Frequently Asked Questions
How much do AWS Spot instances cost?
AWS Spot pricing is dynamic and varies by instance family, region, and availability zone. Typical discounts in 2026: c5.xlarge spot $0.05/hour vs $0.17 on-demand (70% off). m5.large spot $0.029/hour vs $0.096 on-demand (70% off). c6g.large (Arm) spot $0.039/hour vs $0.068 on-demand (43% off). Compute-optimised x86 families consistently hit the highest spot discounts. Check current spot prices via the AWS Spot Instance Pricing page.
What is spot interruption?
AWS reclaims spot capacity with 2 minutes notice when on-demand demand rises or spot pricing exceeds your bid. The instance is terminated regardless of running workload. For CI, an in-progress build is killed; the workflow vendor (GitHub, GitLab) detects the runner disconnect and retries the job on a different runner. Properly configured CI handles spot interruption with no developer-visible impact beyond a slightly slower wall-clock for the affected job.
What is the typical spot interruption rate?
AWS publishes spot interruption rates per instance family per region in the Spot Instance Advisor. Common families in 2026: c5/c6i x86 compute typically 5-10% interruption rate per month, m5/m6i general-purpose 3-7%, c7g Graviton (Arm) 2-5%, larger instances higher rates than smaller. Use the Advisor when choosing CI runner instance types: pick families with under 10% rate and your CI experience is minimally affected.

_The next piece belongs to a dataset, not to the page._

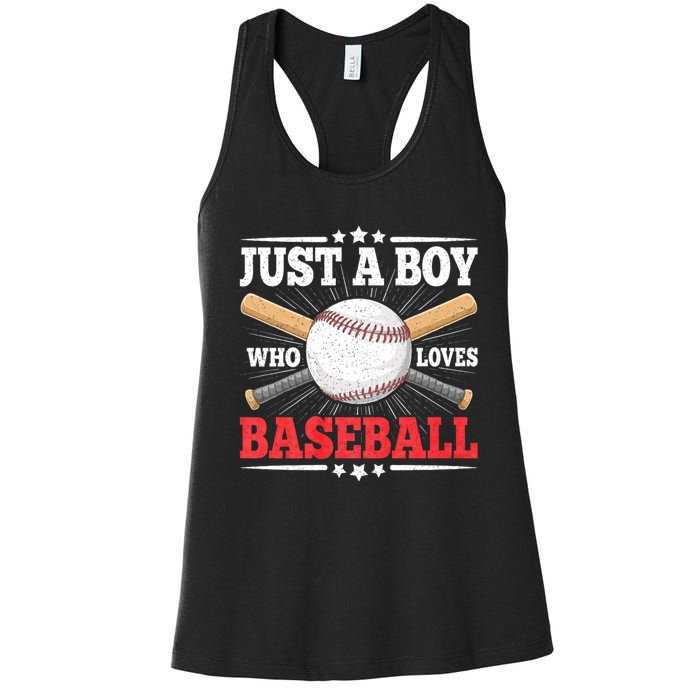 Just A Boy Who Loves Baseball Funny Baseball Player Women's Racerback Tank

What CI jobs should not run on spot?
Three categories. Release builds with deadlines: a job that must complete before a release ceremony cannot tolerate a 10-minute restart on spot interruption. Long-running integration tests (over 30 minutes): the probability of interruption rises with duration, and a 60-minute test that interrupts at minute 50 wastes a lot of compute. Jobs with non-idempotent side effects: anything that mutates external state and cannot safely re-run from scratch. Run these on on-demand or stable spot instance types only.
Do GCP and Azure offer spot equivalents?
Yes. GCP Preemptible VMs and Spot VMs (Spot is the newer, less-restrictive variant) offer 60-91% discounts. GCP Preemptible has a 24-hour maximum runtime; GCP Spot has no time limit. Azure Spot VMs offer up to 90% discounts with eviction notice times that vary. The cost economics are similar to AWS Spot; the integration patterns are similar (configure your Kubernetes node pools to prefer spot, fall back to on-demand on capacity exhaustion).